TANDEM QUADRUPOLE MS FOR THE QUANTIFICATION OF MONOCLONAL ANTIBODY SUBUNIT LIGHT CHAINS IN PLASMA

Significance of Topic

The increasing complexity of biotherapeutics requires highly sensitive and selective methods to quantify intact monoclonal antibodies and their subunits directly in biological matrices. Traditional surrogate peptide assays are robust but may not fully capture structural variants. Direct measurement of subunit light chains complements peptide approaches by preserving higher-order information.

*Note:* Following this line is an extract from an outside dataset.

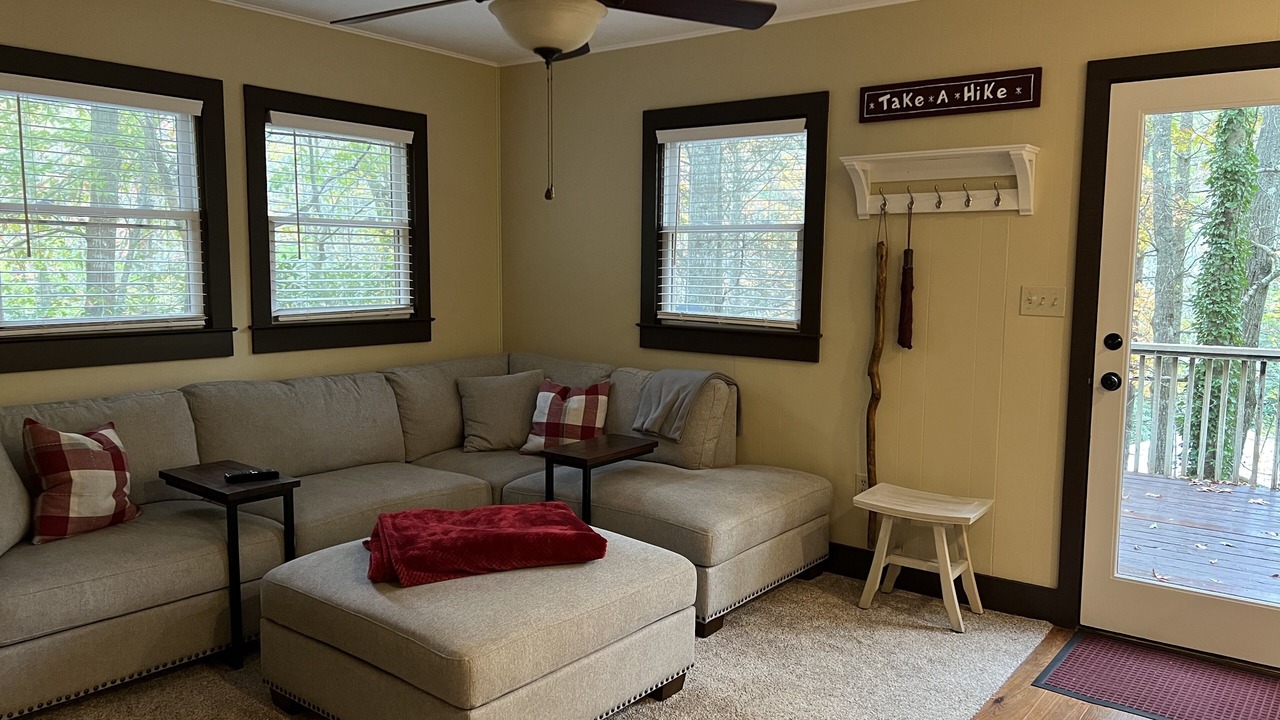 Photo of Livingroom in Cashiers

Study Objectives and Overview

This study demonstrates the feasibility of an optimized immunocapture and LC-MS/MS workflow on a tandem quadrupole mass spectrometer for quantifying adalimumab subunit light chains in rat plasma. The goals were to develop a rapid, selective sample preparation protocol, identify generic MS/MS transitions, and achieve a broad calibration range with high accuracy and precision.

Methodology

The workflow involves:

• Affinity purification of adalimumab from 10 µL rat plasma using biotinylated anti-human Fc antibody and streptavidin magnetic beads
• Reduction of captured antibodies with dithiothreitol to split light and heavy chains
• Alkylation with iodoacetamide for peptide stability
• Acidification and direct injection

Chromatographic separation was evaluated on a BioResolve RP mAb Polyphenyl column and a BEH C4 column under 0.1% formic acid in water and acetonitrile. A rapid 8.5-minute gradient at 80°C delivered well-resolved light chain peaks. Mass spectrometry employed a Xevo TQ-XS tandem quadrupole system in MRM mode, targeting the conserved fragment m/z transition 1236.02→1329.85.

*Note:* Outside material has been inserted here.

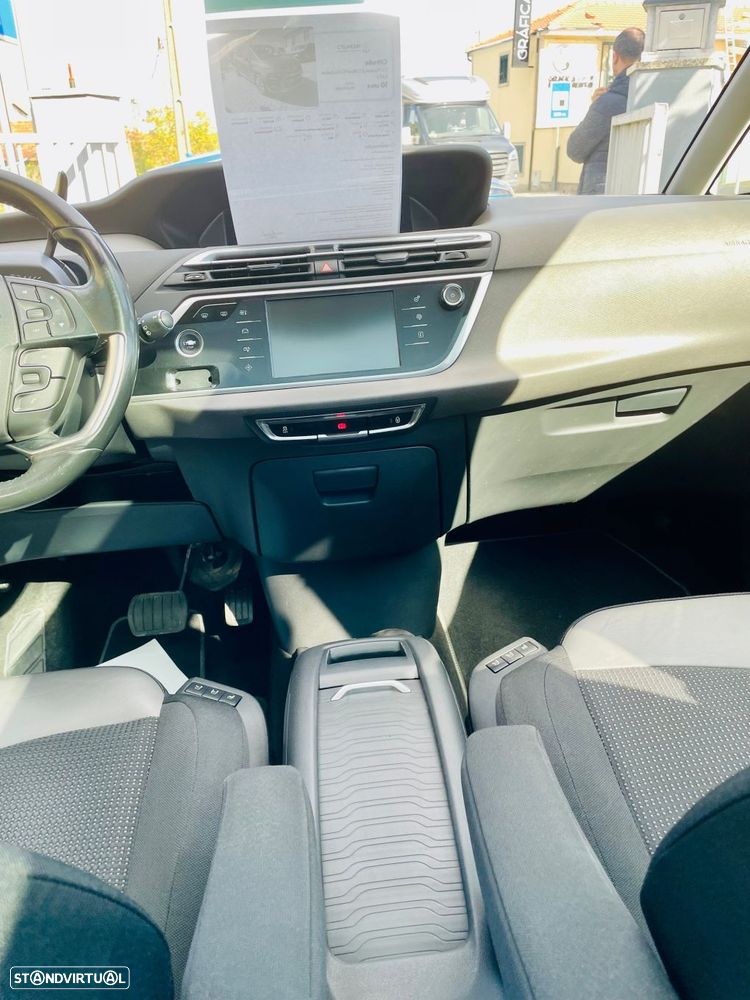 Citroën C4 Picasso - 11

Main Results and Discussion

The BioResolve column significantly improved peak shape and sensitivity versus the BEH C4 phase. Tandem quadrupole spectra produced charge state envelopes comparable to high-resolution instruments, confirming suitability for subunit analysis. A common y96 fragment was used across analyte and internal standard for generic quantification. Calibration was linear from 25 to 100,000 ng/mL (r2 > 0.99). Quality control samples showed accuracies of 89–112% and RSDs below 6% at multiple concentration levels.

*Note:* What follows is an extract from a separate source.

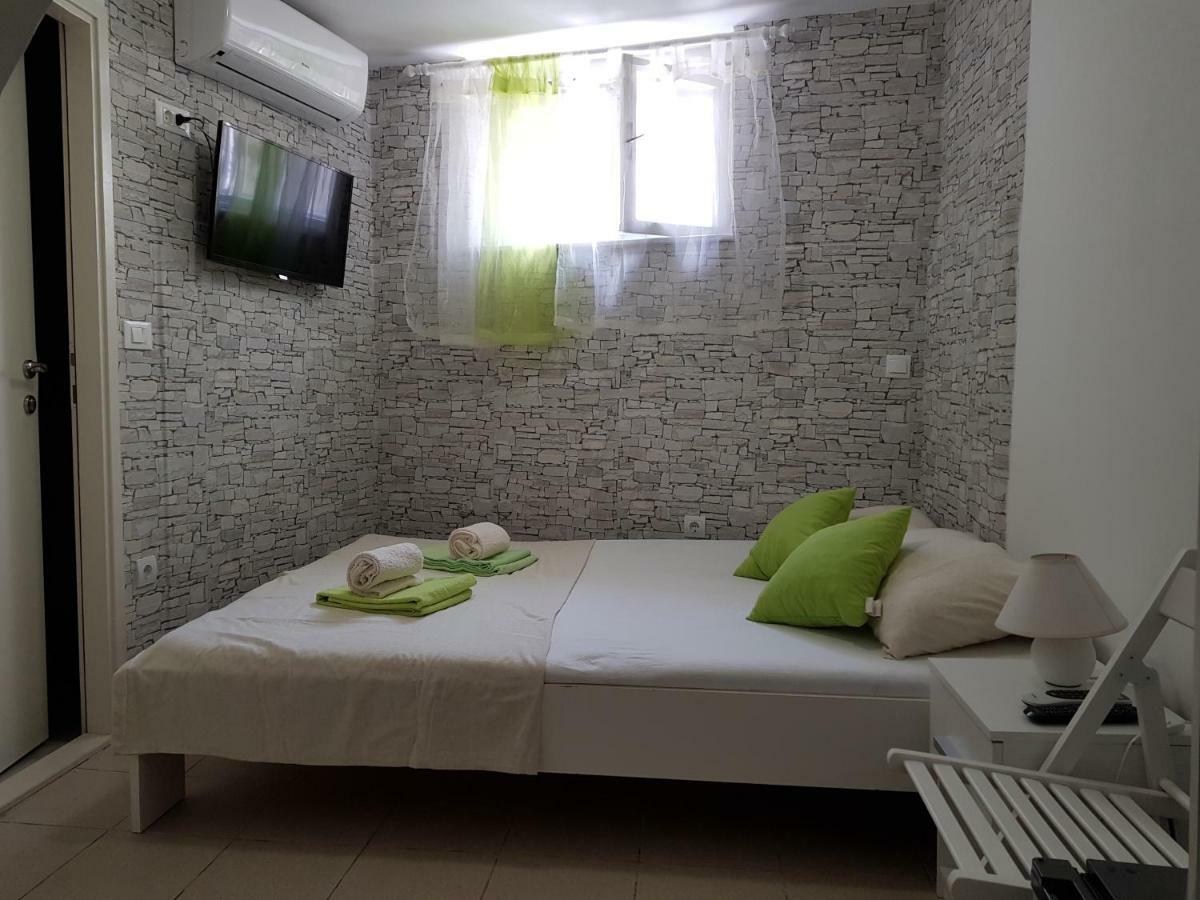 Micro Rooms Šibenik Esterno foto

Practical Benefits and Applications

This method offers:

• High sensitivity and specificity in small plasma volumes
• Fast throughput with an 8.5-minute cycle
• Generic application to human IgG light chains
• Compatibility with long-term preclinical and clinical studies on tandem quadrupole instruments

Used Instrumentation

• UPLC System: ACQUITY UPLC I-Class PLUS with fixed loop injector
• Columns: BioResolve RP mAb Polyphenyl (450Å, 2.7 µm, 2.1×50 mm) and Waters BEH C4 (300Å, 1.7 µm, 2.1×50 mm)
• Mass Spectrometer: Xevo TQ-XS tandem quadrupole with electrospray source

Future Trends and Applications

Expanding this workflow to additional monoclonal antibodies and antibody–drug conjugates will streamline pharmacokinetic profiling. Automation of immunocapture and sample processing can enhance throughput. Multiplexed assays and coupling with high-resolution instruments may further broaden structural characterization.

Conclusion

A rapid and robust LC-MS/MS assay on a tandem quadrupole system has been established for quantifying monoclonal antibody subunit light chains directly from plasma. The method balances sensitivity, accuracy, and throughput, making it suitable for routine biotherapeutic monitoring.

References

• Nguyen JM, Kizekai L, Walsh D, Cook J, Lauber MA. A Novel Phenyl Bonded Phase for Improved Reversed-Phase Separations of Proteins. Waters Application Note 720006169EN, January 2018.
• Dunning CM, Lame M, Wrona M, Haynes K. Tackling Non-Specific Binding of Biotherapeutics Using LC-MS Compatible QuanRecovery Sample Plates with MaxPeak High Performance Surfaces. Waters Application Note 720006528EN, March 2019.